1. Explain the model.

The model discussed in the provided context is centered around the concept of rational addiction. It assumes that addicts are rational individuals who maximize their utility, even though they may be unhappy due to various circumstances. The model recognizes that addiction can stem from events that lower a person's utility, like anxiety-raising situations such as death or divorce.

The model further delves into the dynamics of addictive consumption by exploring steady-state consumption levels and the effects of changes in income and the cost of addictive goods. It also highlights that consumption of addictive goods responds less to temporary price changes compared to permanent ones. Additionally, the model suggests that present and future consumption of addictive goods are complementary, with a person becoming more addicted in the present when expecting events to raise future consumption.

The model also addresses the cessation of severe addictions through "cold turkey," indicating that strong addictions may only end abruptly. It implies that a rational person may choose to end their addiction if events lower their demand for the addictive good significantly or deplete their stock of consumption capital.

Overall, the model of rational addiction presented in the context seeks to explain addictive behavior by considering individuals as rational decision-makers who aim to maximize their utility, even in the case of addiction.

2. Name the authors.

The authors of the model of rational addiction presented in the context are Gary S. Becker and Kevin M. Murphy.

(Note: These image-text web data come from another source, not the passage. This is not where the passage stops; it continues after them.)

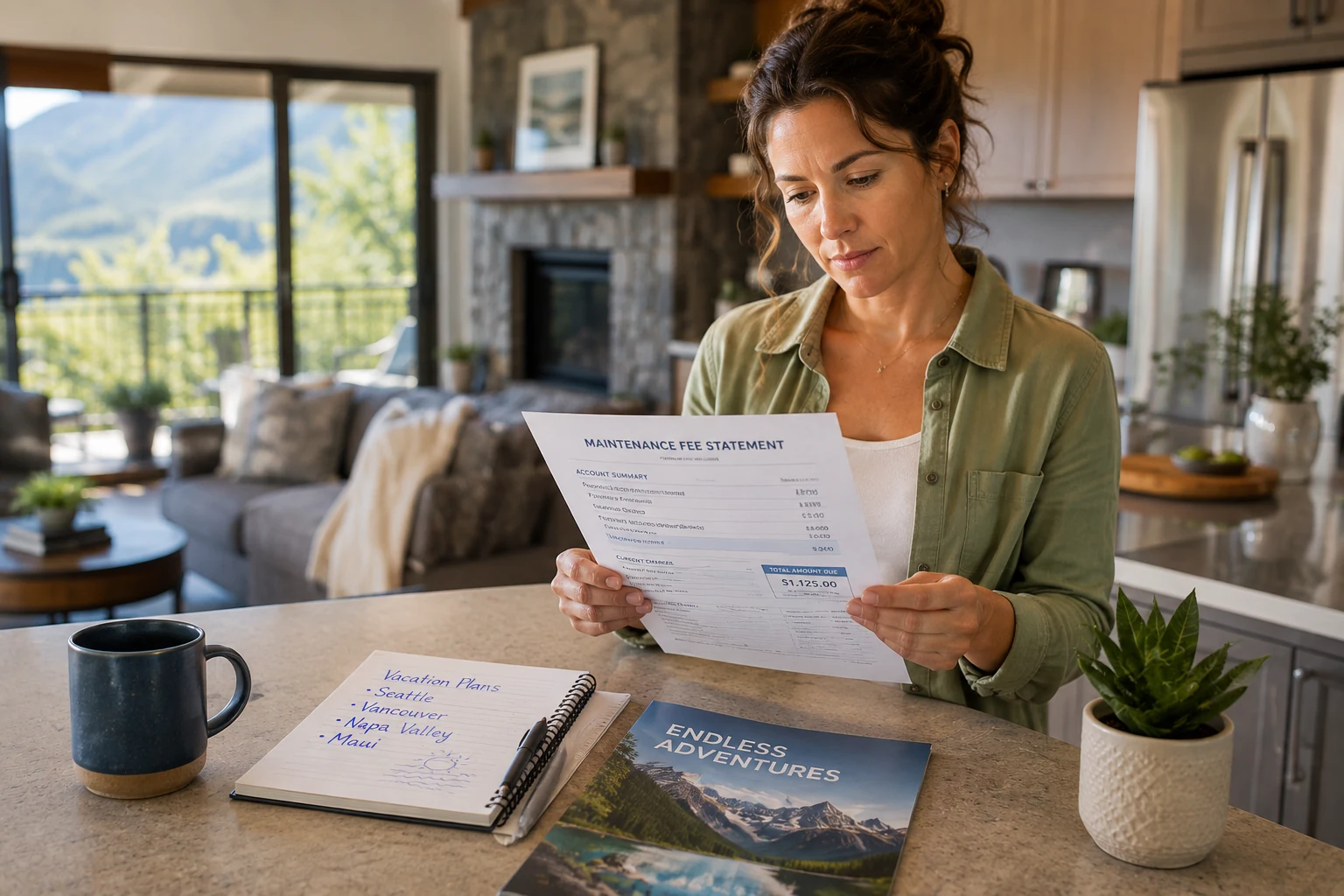Timeshare owner reviewing different ownership and exit decision paths.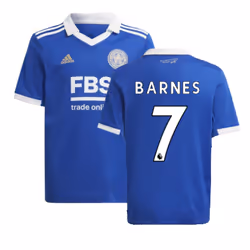 2022-2023 Leicester City Home Shirt (Kids) (BARNES 7) - XLB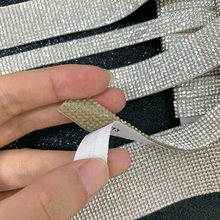 DIY white chain adhesive bag dance suit diamond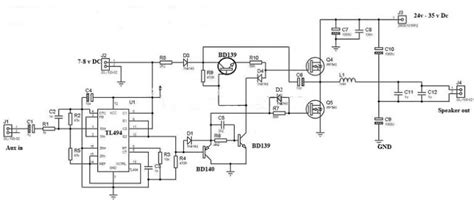 Class D Amplifier Circuit Working Types Efficiency And Advantages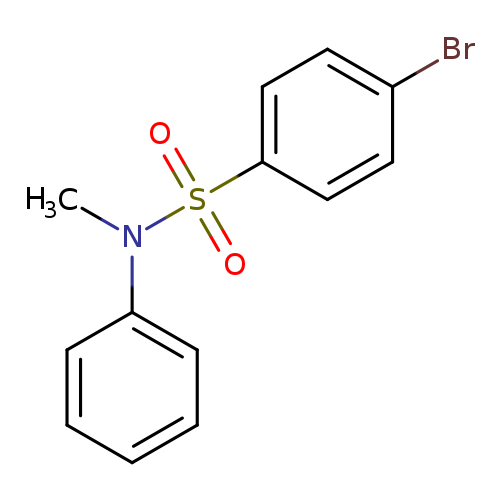 BENZENESULFONAMIDE, 4-BROMO-N-METHYL-N-PHENYL-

3. What are the application of the model?

The applications of the model of rational addiction can include understanding why individuals may struggle to end addictions like smoking, heroin, or alcohol, and why they may choose to stop consumption abruptly despite short-term discomfort. The model suggests that individuals with addictions make rational decisions based on long-term gains, even if it involves a significant short-term loss in utility. Additionally, the model can provide insights into addictive behavior and how individuals may weigh future preferences when dealing with strong addictions.

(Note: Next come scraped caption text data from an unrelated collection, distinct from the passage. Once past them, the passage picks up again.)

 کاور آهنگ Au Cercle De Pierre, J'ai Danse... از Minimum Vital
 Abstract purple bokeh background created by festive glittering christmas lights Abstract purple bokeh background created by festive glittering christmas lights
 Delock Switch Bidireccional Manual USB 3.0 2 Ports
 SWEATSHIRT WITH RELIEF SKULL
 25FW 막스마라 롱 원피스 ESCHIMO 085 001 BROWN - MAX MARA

4. What kind of econometric tools that are being used by the author?

The author uses econometric tools such as first-order conditions for utility maximization and dynamic aspects of addictive consumption to develop the model of rational addiction. They also consider conditions that determine whether steady-state consumption levels are unstable or stable. Additionally, the author analyzes the variables that determine whether a person becomes addicted to a particular good and the effects of changes in income and the cost of addictive goods on long-run demand. Furthermore, they explore how consumption of addictive goods responds to changes in prices.

5. How can this model assist the policy-makers?

The model of rational addiction can assist policy-makers by providing insights into addictive behaviors. Understanding that addictions can involve forward-looking maximization with stable preferences can help policy-makers design more effective interventions and programs to address addiction issues. By recognizing that rational individuals weigh short-term losses against long-term gains, policymakers can tailor their strategies to help individuals make better choices regarding addictive substances or behaviors. Additionally, the framework can guide the development of policies that consider the impact of small changes in the environment on addiction initiation or termination. Ultimately, the model of rational addiction can inform evidence-based policy-making in the field of addiction prevention and treatment.